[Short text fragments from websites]
*** Begin section ***

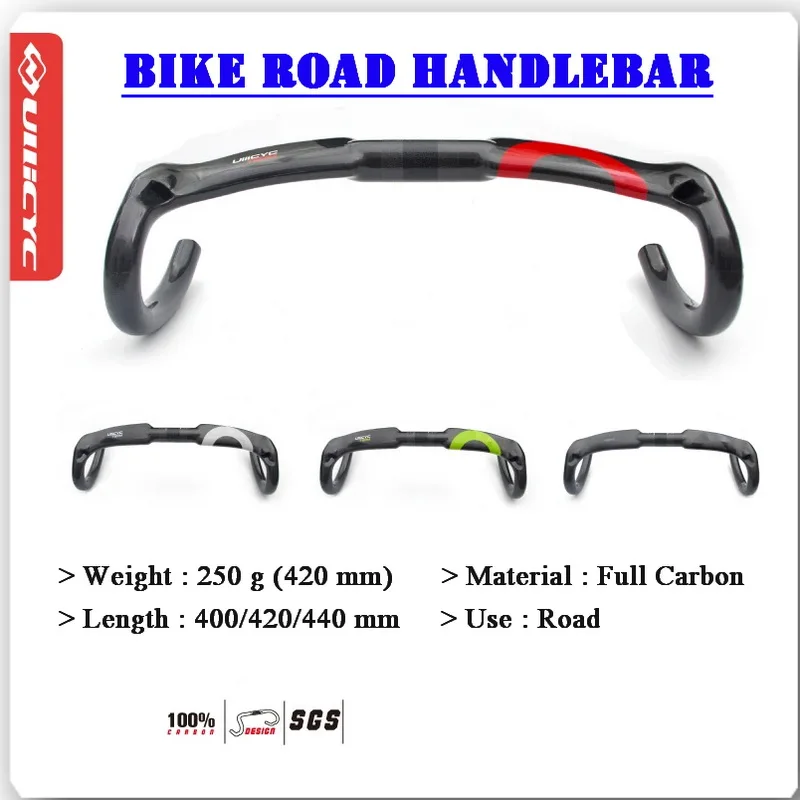 Top Famous Brands Full Carbon Fiber Road Bike Black Handlebar Carbon Fiber Carbon Handlebar Bend The Carbon Fiber Bicycle  TWB25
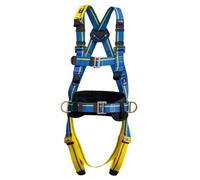 Irudek Light Plus 4 - Harnais antichute en polyester bleu pour travailleurs en hauteur (tous genres) - Facile à utiliser - 1,2 kg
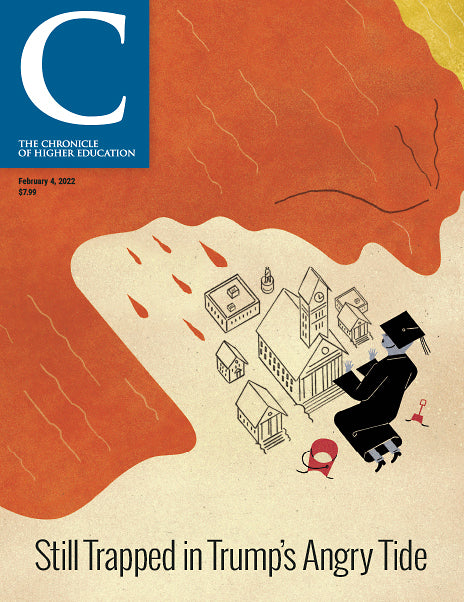 Cover Image of Chronicle Issue February 4, 2022, Still Trapped in Trump's Angry Tide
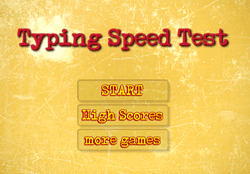 Typing Speed Game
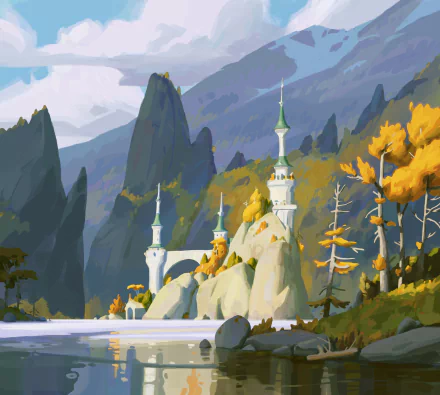  Autumn Castle by Jeremy Paillotin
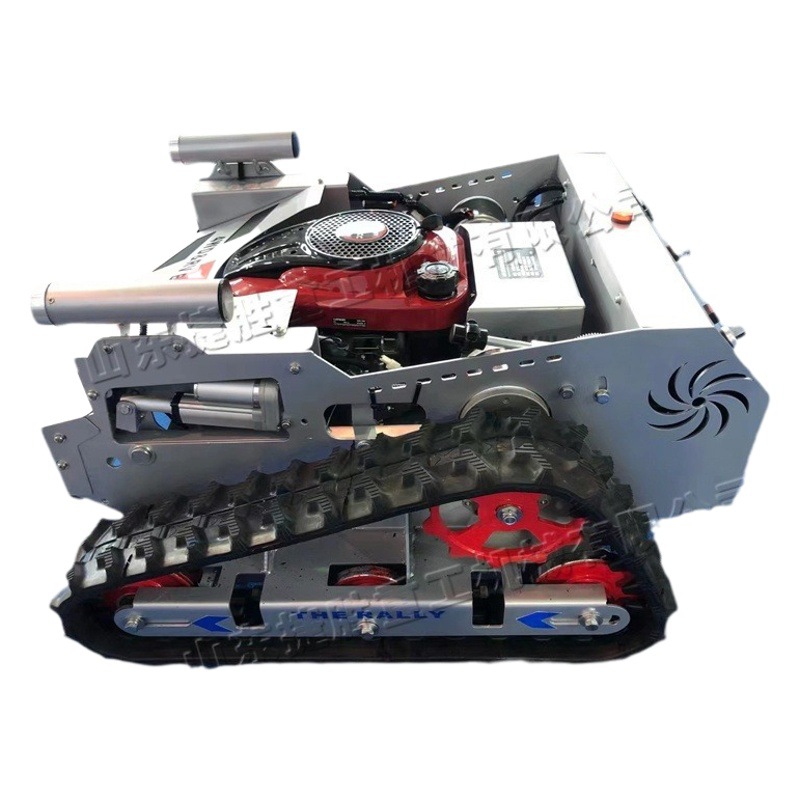 Control remoto sobre orugas cortacésped de recuperación de pastizales de vegetales cortacésped huerto Agricultura y Silvicultura inteligente equipos de deshierbe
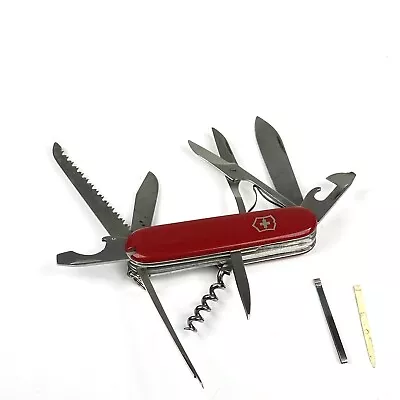 Swiss Army Knife Victorinox Huntsman Victoria Officer Suisse Long Nail File Rare • $171.19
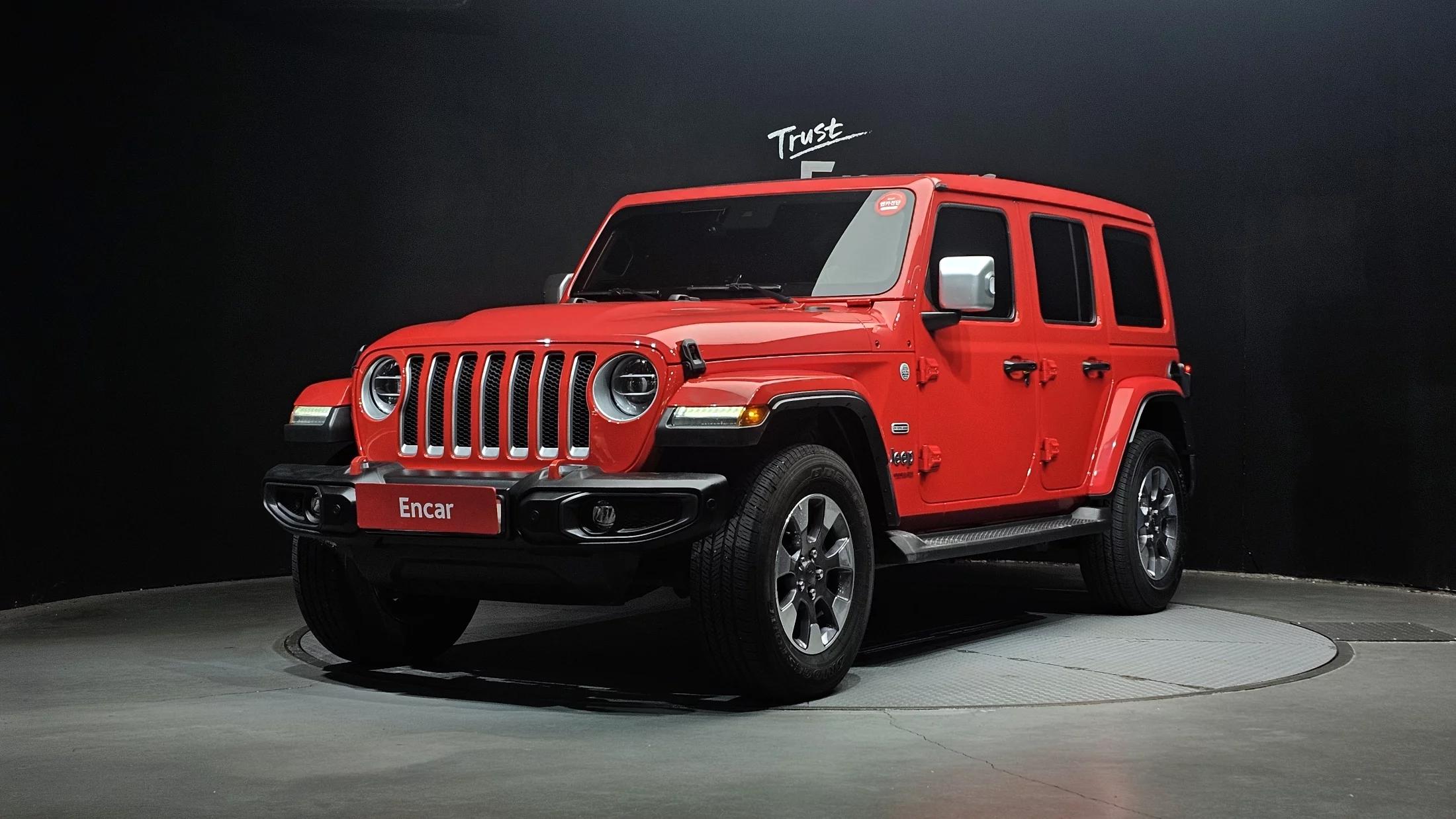 Jeep WRANGLER 2.0 Overland Power Top 4Door, 2021 г. 50506 км.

*** End section ***

YOUR TASK - Write out every entry again word for word, without any of the pictures.

YOUR RESPONSE -
 Top Famous Brands Full Carbon Fiber Road Bike Black Handlebar Carbon Fiber Carbon Handlebar Bend The Carbon Fiber Bicycle  TWB25
 Irudek Light Plus 4 - Harnais antichute en polyester bleu pour travailleurs en hauteur (tous genres) - Facile à utiliser - 1,2 kg
 Cover Image of Chronicle Issue February 4, 2022, Still Trapped in Trump's Angry Tide
 Typing Speed Game
  Autumn Castle by Jeremy Paillotin
 Control remoto sobre orugas cortacésped de recuperación de pastizales de vegetales cortacésped huerto Agricultura y Silvicultura inteligente equipos de deshierbe
 Swiss Army Knife Victorinox Huntsman Victoria Officer Suisse Long Nail File Rare • $171.19
 Jeep WRANGLER 2.0 Overland Power Top 4Door, 2021 г. 50506 км.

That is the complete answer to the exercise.